Review: Tony Danza's 'Teacher'
I'D LIKE TO APOLOGIZE TO EVERY TEACHER I EVER HAD: My Year as a Rookie Teacher at Northeast High, by Tony Danza. Crown Archetype, 262 pp., $24.
Nothing is more gratifying for a teacher than to have a former student look back on formative times and think, "I'd really be a different person right now, were it not for Mr. So and So." But the idea that Tony Danza, of "Taxi" and "Who's the Boss?" fame, could be that teacher takes some getting used to.
In theory. Because, in reality, about four pages into "I'd Like to Apologize to Every Teacher I Ever Had," you're sure to feel as if you've squeezed your adult self into one of those weirdly shaped student desks, hoping today is not the day Mr. D drops that pop quiz on you.
There's a streamlined premise here: Danza loses a TV gig, wonders what to do with himself and decides to make up for past transgressions against his former teachers at Malverne High and, touchingly, his earlier, more reckless self. And so it's off to teach 10th-grade English in Philly's hardscrabble Northeast High, a school that has its students pass through a metal detector each morning. Honorable intentions quickly give way to chaos, and he ends up going through a crisis of the soul, against a backdrop of brawling girls, break-dancing students and a would-be Lothario who can't keep his hands to himself on the field-trip bus. And, oh yeah, there's a TV crew shooting the proceedings for an A&E series.

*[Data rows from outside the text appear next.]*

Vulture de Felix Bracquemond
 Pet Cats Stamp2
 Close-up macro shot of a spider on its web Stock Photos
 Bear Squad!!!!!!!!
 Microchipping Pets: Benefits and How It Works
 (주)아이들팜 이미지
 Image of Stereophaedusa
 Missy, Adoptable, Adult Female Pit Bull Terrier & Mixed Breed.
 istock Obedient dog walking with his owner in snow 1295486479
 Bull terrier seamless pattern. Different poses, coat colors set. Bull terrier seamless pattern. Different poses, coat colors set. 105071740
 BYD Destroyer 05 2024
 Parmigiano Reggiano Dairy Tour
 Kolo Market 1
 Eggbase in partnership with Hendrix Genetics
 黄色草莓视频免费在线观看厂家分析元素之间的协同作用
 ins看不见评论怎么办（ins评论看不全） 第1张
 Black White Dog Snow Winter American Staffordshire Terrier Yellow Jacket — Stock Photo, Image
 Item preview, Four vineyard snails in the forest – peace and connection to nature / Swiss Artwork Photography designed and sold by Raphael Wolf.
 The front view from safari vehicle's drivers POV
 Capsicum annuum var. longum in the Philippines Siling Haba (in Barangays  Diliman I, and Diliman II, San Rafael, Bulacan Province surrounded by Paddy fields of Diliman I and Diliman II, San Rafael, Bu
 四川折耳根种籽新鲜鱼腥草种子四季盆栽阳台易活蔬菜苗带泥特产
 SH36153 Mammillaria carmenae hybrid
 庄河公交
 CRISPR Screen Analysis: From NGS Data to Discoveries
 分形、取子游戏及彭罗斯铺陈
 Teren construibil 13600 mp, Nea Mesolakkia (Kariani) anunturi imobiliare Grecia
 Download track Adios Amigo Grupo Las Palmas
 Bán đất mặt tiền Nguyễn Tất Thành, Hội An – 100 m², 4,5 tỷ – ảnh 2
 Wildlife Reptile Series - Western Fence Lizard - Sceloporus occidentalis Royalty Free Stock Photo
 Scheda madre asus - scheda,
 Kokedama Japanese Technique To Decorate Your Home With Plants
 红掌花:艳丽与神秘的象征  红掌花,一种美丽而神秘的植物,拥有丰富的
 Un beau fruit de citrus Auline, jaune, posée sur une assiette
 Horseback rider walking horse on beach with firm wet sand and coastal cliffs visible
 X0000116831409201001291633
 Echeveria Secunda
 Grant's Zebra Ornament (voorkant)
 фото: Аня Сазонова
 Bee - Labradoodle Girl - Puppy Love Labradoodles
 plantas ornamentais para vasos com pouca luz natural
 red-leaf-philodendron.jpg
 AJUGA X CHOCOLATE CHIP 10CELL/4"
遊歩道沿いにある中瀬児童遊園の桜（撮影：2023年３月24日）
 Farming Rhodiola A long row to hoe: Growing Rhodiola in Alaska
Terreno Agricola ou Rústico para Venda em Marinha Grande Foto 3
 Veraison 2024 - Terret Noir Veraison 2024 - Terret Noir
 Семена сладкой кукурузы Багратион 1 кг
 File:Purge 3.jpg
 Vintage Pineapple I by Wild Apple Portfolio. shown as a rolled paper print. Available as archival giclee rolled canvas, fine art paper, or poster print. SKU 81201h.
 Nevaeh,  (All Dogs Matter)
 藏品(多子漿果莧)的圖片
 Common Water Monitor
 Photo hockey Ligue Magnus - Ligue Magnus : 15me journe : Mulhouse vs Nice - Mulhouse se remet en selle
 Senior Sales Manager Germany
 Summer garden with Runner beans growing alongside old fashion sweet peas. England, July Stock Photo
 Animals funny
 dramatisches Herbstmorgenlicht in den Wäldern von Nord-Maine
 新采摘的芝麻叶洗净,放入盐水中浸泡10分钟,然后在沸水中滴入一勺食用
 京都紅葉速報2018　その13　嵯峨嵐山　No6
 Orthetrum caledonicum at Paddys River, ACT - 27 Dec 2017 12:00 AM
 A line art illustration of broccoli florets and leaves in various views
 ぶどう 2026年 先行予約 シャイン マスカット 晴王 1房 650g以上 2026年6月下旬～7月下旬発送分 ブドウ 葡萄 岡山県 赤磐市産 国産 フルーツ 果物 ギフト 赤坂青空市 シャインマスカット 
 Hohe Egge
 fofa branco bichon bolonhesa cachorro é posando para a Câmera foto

Anyone expecting Danza to mug his way through the year is bound to come away shaken by the man's sincerity. Overwhelmed, he solicits all the input he can get from his fellow teachers. " 'You have to be prepared to play many roles,' says an older woman who's been teaching for decades. 'You have to be a mother, father, sister, brother, social worker, counselor, friend and anything else they need.' "
That includes policeman, as when a student tries to goad Danza into a fight. You think, oh no, one of the cabbies from "Taxi" is going to pop a high school kid in the mouth. But self-discipline prevails, and we see a special, pedagogical kind of will on every page: the will to face a student's horrifying, out-of-school problems, or the will to devote hour upon unofficial hour to help a kid learn to read and, just as important, to feel good about herself.
And all the students do feel good about themselves when they manage to memorize a poem. Danza makes a compelling argument for the exercise: "It's the difference between a pianist playing while reading the sheet music and a pianist playing a piece he has memorized. If you know it, you feel it in your body as if it's a part of you."